## What you need to do
Go to the line holding "Crafting Shohei Ohtani" in the data below and repeat it exactly, then each line after it up to and including the one holding "恒生指数期货波动(恒生指数期". Omit pictures.

## Input data

-.-.-

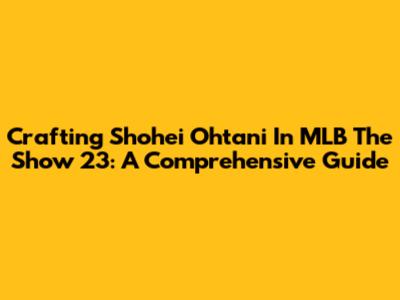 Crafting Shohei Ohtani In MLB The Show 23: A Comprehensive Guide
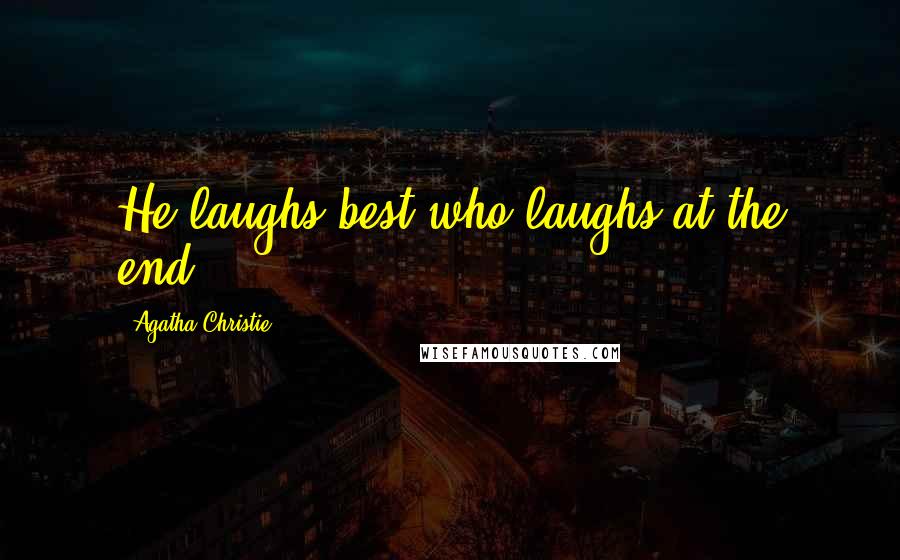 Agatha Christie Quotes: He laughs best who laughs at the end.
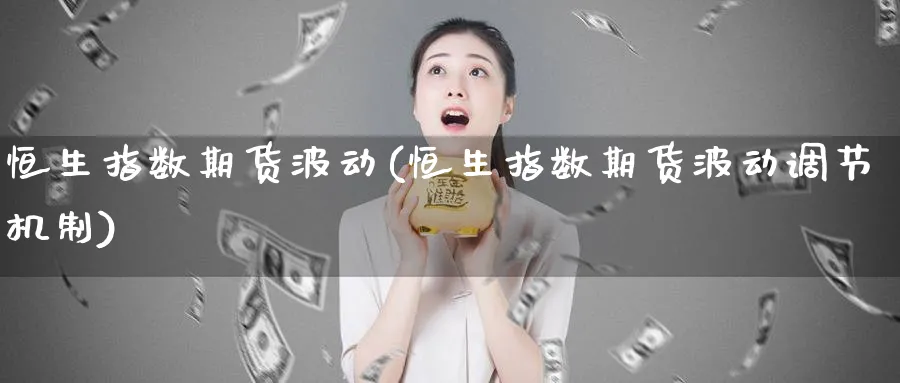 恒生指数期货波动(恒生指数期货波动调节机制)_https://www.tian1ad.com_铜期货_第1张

-.-.-

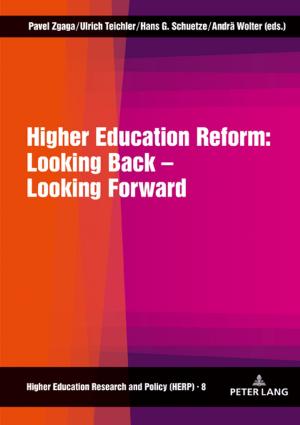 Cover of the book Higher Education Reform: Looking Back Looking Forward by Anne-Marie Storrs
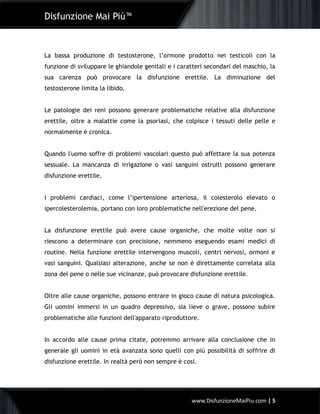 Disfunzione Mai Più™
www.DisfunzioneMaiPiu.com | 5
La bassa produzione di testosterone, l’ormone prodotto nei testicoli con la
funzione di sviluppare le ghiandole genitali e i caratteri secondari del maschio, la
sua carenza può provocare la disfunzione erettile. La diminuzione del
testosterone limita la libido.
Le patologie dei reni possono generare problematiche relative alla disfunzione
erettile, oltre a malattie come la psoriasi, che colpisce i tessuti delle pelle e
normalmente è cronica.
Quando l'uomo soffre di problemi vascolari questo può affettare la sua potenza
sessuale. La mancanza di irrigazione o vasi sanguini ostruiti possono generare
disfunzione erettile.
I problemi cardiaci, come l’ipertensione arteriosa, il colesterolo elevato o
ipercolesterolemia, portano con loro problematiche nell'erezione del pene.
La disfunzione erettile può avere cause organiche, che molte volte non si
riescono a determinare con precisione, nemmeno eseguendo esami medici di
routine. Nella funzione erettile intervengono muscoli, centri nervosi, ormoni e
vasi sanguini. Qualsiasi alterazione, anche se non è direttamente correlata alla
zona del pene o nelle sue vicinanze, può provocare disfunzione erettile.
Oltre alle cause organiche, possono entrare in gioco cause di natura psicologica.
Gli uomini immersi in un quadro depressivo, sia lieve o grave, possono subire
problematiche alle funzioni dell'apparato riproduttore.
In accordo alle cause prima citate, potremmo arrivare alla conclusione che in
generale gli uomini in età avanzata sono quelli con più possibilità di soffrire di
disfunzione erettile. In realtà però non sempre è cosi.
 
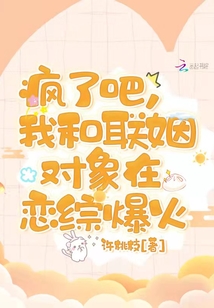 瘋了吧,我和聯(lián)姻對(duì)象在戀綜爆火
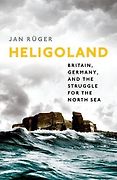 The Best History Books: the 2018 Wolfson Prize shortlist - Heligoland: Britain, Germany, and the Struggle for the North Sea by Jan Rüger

-.-.-

## Answer to this task
 Crafting Shohei Ohtani In MLB The Show 23: A Comprehensive Guide
 Agatha Christie Quotes: He laughs best who laughs at the end.
 恒生指数期货波动(恒生指数期货波动调节机制)_https://www.tian1ad.com_铜期货_第1张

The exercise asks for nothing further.